What-I-would-give-to-stay-in-bed tired. Don't-put-another-thing-on-my-to-do-list tired.
All because of my work-in-progress.
For the most part, I find writing a first draft to be exhilarating. I like naming characters, considering the most appropriate point of view, and I love choosing story structure. Early on, like a child with a present to open, I can't wait to see inside my characters' motivations. I feel blessed to be brought along on their transformative journeys. As Chris Bohjalian says, "it's the joy of discovery draft." I love learning who my characters really are, following their lead I get to go to places I've never been, meet people I might otherwise never know. It's a literal trip.
Then somewhere in the middle of the story, they start to wear me out.
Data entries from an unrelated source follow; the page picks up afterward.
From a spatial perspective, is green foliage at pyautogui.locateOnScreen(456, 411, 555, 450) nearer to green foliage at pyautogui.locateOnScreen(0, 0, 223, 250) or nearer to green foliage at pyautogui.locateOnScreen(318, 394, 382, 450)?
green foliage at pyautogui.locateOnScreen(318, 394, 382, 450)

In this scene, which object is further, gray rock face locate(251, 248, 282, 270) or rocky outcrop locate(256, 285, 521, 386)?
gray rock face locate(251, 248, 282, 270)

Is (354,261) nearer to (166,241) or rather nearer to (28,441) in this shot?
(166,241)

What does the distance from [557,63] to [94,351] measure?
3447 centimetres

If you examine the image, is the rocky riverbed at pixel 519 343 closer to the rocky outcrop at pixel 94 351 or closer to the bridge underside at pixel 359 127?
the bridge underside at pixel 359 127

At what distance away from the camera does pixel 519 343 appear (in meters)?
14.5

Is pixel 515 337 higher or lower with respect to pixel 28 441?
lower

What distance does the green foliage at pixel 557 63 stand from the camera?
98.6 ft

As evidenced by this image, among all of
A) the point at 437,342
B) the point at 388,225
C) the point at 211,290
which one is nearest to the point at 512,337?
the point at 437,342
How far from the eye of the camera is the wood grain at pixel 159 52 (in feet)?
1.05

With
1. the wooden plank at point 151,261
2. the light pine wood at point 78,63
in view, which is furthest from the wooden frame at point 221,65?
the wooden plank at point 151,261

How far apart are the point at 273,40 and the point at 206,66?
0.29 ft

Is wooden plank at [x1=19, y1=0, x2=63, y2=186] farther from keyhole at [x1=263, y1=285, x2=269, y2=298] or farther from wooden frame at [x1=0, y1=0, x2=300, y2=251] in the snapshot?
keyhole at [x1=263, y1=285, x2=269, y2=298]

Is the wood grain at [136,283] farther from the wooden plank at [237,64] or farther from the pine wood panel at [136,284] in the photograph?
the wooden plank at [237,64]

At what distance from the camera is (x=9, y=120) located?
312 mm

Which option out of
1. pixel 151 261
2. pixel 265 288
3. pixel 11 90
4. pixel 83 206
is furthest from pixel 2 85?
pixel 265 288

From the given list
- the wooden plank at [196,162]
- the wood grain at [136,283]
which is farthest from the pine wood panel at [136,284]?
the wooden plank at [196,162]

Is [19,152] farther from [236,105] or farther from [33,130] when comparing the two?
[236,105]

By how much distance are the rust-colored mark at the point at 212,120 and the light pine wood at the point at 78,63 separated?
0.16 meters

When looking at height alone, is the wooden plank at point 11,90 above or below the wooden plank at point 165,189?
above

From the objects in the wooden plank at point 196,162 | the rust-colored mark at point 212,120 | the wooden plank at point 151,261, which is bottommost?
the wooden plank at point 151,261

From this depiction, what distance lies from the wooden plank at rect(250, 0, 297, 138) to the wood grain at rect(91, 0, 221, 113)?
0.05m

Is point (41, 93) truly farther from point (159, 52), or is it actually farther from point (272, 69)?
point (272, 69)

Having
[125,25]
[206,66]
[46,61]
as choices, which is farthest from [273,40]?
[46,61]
Two weeks ago, I was sipping my morning coffee, not even thinking about my WIP, I had so many other things to do that day. My main character decided that was when she wanted to share her backstory with me. Her story popped into my head, and I needed to rearrange the day to write it all down. She was keeping a scandalous secret for a young girl in the 1950's, and I was afraid I might lose the details if I didn't capture them right there and then.
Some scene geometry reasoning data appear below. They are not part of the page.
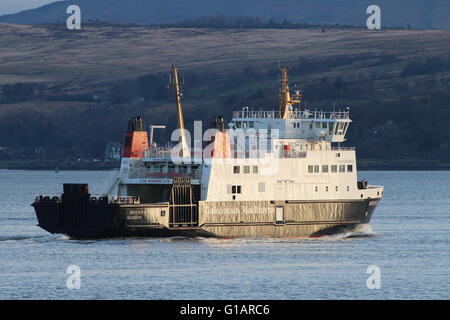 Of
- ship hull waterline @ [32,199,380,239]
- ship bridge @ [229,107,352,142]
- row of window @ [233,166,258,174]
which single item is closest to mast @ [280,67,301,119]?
ship bridge @ [229,107,352,142]

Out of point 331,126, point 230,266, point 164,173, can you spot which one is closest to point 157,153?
point 164,173

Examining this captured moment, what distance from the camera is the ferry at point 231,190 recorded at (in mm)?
61750

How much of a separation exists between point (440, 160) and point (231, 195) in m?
132

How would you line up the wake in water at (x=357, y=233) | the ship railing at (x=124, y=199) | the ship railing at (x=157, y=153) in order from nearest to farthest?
the ship railing at (x=124, y=199)
the ship railing at (x=157, y=153)
the wake in water at (x=357, y=233)

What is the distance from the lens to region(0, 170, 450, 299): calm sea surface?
1876 inches

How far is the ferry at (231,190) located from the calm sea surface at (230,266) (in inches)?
37.4

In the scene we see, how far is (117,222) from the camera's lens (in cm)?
6109

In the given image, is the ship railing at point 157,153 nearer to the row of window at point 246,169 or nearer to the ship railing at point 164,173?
the ship railing at point 164,173

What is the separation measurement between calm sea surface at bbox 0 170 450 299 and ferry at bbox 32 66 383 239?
95 cm

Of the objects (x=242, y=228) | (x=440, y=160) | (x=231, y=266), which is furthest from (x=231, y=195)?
(x=440, y=160)

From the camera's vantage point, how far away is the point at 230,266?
54.2m

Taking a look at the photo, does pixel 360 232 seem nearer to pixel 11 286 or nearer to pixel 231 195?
pixel 231 195

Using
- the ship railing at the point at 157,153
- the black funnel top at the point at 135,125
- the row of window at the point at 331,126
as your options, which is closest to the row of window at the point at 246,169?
the ship railing at the point at 157,153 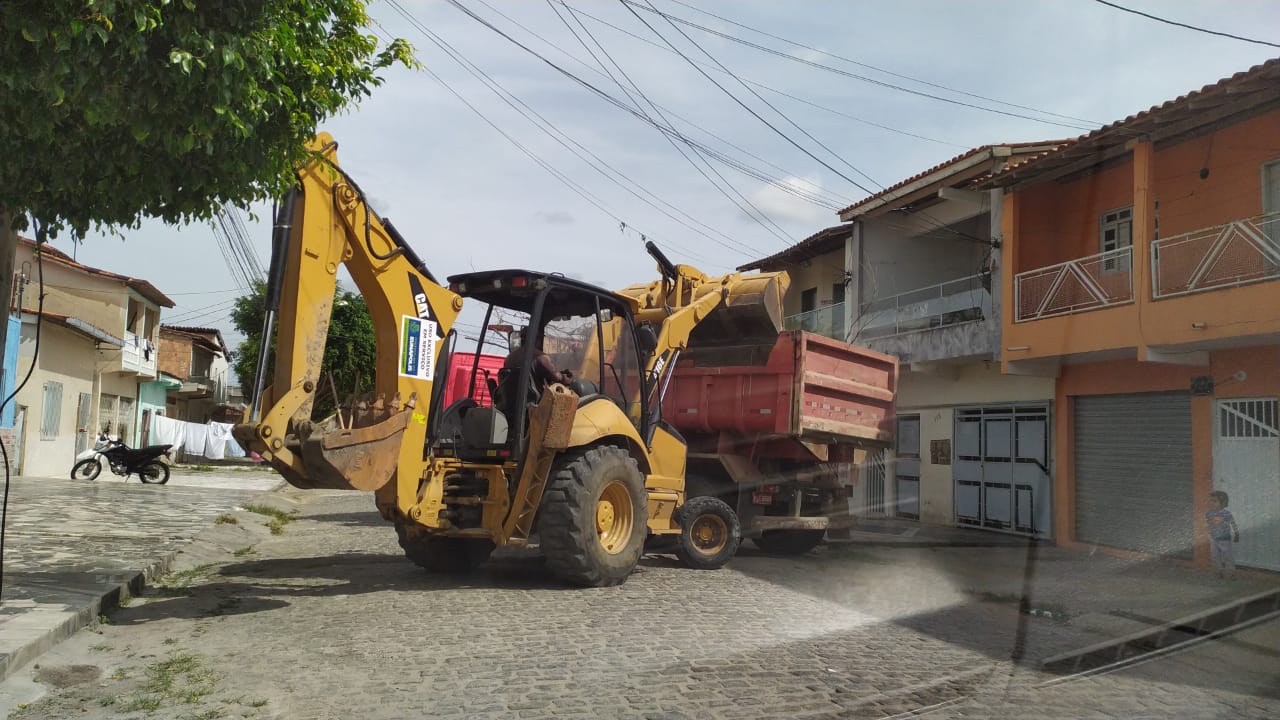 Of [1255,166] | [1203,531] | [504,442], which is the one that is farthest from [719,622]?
[1255,166]

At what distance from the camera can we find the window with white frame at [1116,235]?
14.0 meters

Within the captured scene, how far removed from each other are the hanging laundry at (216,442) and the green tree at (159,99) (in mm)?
33586

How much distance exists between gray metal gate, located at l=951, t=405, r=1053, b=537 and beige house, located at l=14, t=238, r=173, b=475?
63.2 feet

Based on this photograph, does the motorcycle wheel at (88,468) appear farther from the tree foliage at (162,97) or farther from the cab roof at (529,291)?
the tree foliage at (162,97)

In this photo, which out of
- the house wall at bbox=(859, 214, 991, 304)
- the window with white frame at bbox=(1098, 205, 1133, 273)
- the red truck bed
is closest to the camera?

Last week, I lost an entire night sleep because another lead character wouldn't stop niggling at me. Like a toddler, she'd followed me wherever I went during the day. There she was when I unloaded the dishwasher, she poked me on the shoulder while I tried to answer email. Tugging at my sleeve while I drove my son home from school, even he knew she was bugging me. On the way over to pick up a friend he said, "Are you writing? You have that face on." I laughed because I've been told about that face before. Apparently it's a look I get when I'm writing, but I'm no where near my computer when I make it. My husband and children have seen, the I'm writing face quite often these last few months. My son was right, I'd been trying to figure out what my character would do when faced with her mother's deception.
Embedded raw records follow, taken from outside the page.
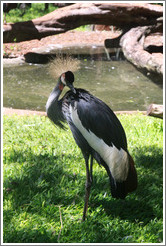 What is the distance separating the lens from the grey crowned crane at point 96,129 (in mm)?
2525

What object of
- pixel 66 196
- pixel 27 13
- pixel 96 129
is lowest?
pixel 66 196

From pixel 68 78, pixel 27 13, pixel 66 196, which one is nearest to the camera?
pixel 68 78

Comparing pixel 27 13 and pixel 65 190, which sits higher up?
pixel 27 13

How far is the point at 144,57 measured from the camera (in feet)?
25.2

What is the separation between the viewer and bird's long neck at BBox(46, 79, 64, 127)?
2621 mm

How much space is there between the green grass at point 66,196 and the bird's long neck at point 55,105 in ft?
2.78

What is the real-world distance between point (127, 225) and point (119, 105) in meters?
3.66

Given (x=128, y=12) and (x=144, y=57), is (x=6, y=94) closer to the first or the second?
(x=144, y=57)

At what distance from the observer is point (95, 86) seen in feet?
23.6

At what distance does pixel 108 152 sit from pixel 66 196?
2.76 feet

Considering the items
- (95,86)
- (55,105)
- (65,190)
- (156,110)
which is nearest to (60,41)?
(95,86)

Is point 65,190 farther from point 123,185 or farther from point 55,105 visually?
point 55,105

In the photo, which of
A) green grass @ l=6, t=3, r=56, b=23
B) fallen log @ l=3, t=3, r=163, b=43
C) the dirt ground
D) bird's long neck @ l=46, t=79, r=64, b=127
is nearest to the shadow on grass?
bird's long neck @ l=46, t=79, r=64, b=127

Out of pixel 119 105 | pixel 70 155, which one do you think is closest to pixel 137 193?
pixel 70 155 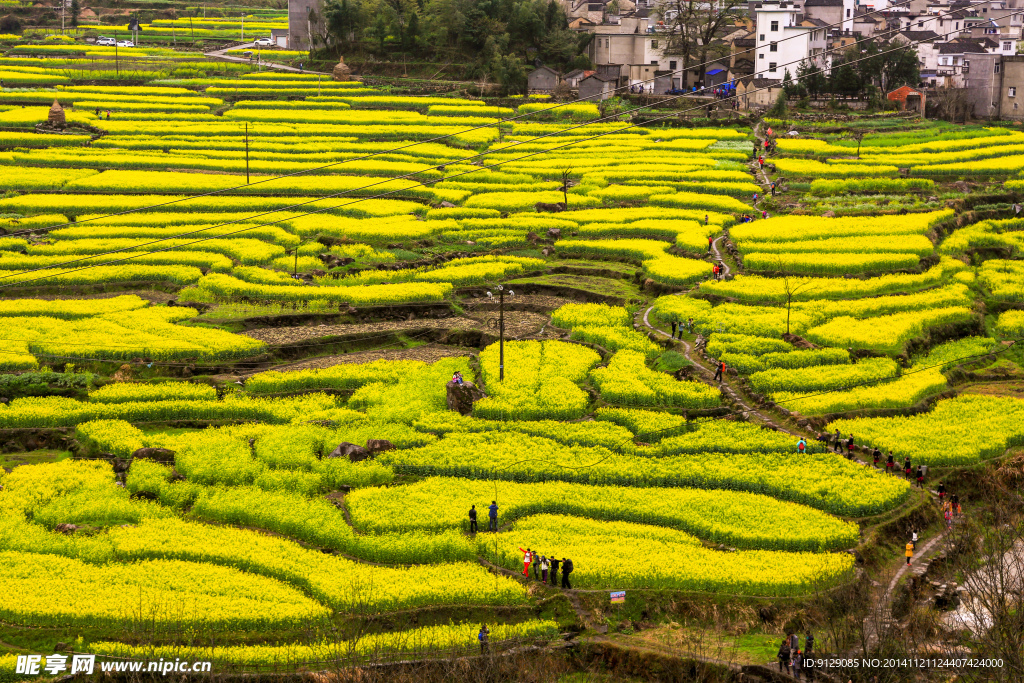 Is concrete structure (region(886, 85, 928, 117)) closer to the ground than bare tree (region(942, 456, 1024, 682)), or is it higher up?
higher up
So there I am, right in the heart of the story. The place where characters have the power to shock me, distract me and otherwise put me through the wringer. They could let me sleep, but they won't. They could choose to minimize what they tell me, but they can't seem to. They could slow down the pace with which they disclose their secrets, but they don't. And to tell you the truth, as exhausted as I am, I wouldn't have it any other way.